Records from a dataset
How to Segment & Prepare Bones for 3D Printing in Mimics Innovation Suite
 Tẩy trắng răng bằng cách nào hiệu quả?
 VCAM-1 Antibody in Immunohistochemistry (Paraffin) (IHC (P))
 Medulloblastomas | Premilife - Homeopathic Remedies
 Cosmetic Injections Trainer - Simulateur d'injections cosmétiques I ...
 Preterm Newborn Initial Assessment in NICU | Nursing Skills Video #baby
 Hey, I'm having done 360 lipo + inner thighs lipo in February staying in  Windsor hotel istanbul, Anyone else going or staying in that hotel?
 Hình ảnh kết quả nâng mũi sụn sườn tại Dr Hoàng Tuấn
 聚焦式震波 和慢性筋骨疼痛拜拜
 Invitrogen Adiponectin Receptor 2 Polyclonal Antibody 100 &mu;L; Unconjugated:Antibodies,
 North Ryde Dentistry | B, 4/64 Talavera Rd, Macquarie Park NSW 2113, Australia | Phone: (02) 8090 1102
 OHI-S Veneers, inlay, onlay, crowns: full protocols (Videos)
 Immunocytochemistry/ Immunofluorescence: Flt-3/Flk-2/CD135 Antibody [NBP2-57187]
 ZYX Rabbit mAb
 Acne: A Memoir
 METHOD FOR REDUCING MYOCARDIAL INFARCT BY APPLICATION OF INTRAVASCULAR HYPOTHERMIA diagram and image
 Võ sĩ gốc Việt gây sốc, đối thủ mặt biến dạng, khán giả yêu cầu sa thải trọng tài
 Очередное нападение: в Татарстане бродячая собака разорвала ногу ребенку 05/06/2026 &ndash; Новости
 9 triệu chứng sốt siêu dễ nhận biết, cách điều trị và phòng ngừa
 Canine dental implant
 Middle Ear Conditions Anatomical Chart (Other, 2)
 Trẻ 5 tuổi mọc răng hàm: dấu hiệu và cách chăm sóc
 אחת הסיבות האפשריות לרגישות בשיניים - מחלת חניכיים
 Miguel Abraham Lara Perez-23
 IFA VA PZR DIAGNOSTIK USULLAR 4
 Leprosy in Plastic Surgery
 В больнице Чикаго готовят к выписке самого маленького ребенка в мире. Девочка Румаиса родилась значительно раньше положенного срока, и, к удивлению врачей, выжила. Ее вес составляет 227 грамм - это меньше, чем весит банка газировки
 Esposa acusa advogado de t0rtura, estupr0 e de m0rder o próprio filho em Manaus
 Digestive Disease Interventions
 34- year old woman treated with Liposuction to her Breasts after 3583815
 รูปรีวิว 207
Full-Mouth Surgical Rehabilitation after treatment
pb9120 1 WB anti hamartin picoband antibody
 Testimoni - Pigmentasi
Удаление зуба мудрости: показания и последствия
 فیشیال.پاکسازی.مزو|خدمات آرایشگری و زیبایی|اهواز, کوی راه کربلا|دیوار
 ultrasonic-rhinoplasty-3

» THE TASK
Only the lines from the one with "METHOD FOR REDUCING" through the last line of the records belong in the answer, each copied exactly.

» RESPONSE
 METHOD FOR REDUCING MYOCARDIAL INFARCT BY APPLICATION OF INTRAVASCULAR HYPOTHERMIA diagram and image
 Võ sĩ gốc Việt gây sốc, đối thủ mặt biến dạng, khán giả yêu cầu sa thải trọng tài
 Очередное нападение: в Татарстане бродячая собака разорвала ногу ребенку 05/06/2026 &ndash; Новости
 9 triệu chứng sốt siêu dễ nhận biết, cách điều trị và phòng ngừa
 Canine dental implant
 Middle Ear Conditions Anatomical Chart (Other, 2)
 Trẻ 5 tuổi mọc răng hàm: dấu hiệu và cách chăm sóc
 אחת הסיבות האפשריות לרגישות בשיניים - מחלת חניכיים
 Miguel Abraham Lara Perez-23
 IFA VA PZR DIAGNOSTIK USULLAR 4
 Leprosy in Plastic Surgery
 В больнице Чикаго готовят к выписке самого маленького ребенка в мире. Девочка Румаиса родилась значительно раньше положенного срока, и, к удивлению врачей, выжила. Ее вес составляет 227 грамм - это меньше, чем весит банка газировки
 Esposa acusa advogado de t0rtura, estupr0 e de m0rder o próprio filho em Manaus
 Digestive Disease Interventions
 34- year old woman treated with Liposuction to her Breasts after 3583815
 รูปรีวิว 207
Full-Mouth Surgical Rehabilitation after treatment
pb9120 1 WB anti hamartin picoband antibody
 Testimoni - Pigmentasi
Удаление зуба мудрости: показания и последствия
 فیشیال.پاکسازی.مزو|خدمات آرایشگری و زیبایی|اهواز, کوی راه کربلا|دیوار
 ultrasonic-rhinoplasty-3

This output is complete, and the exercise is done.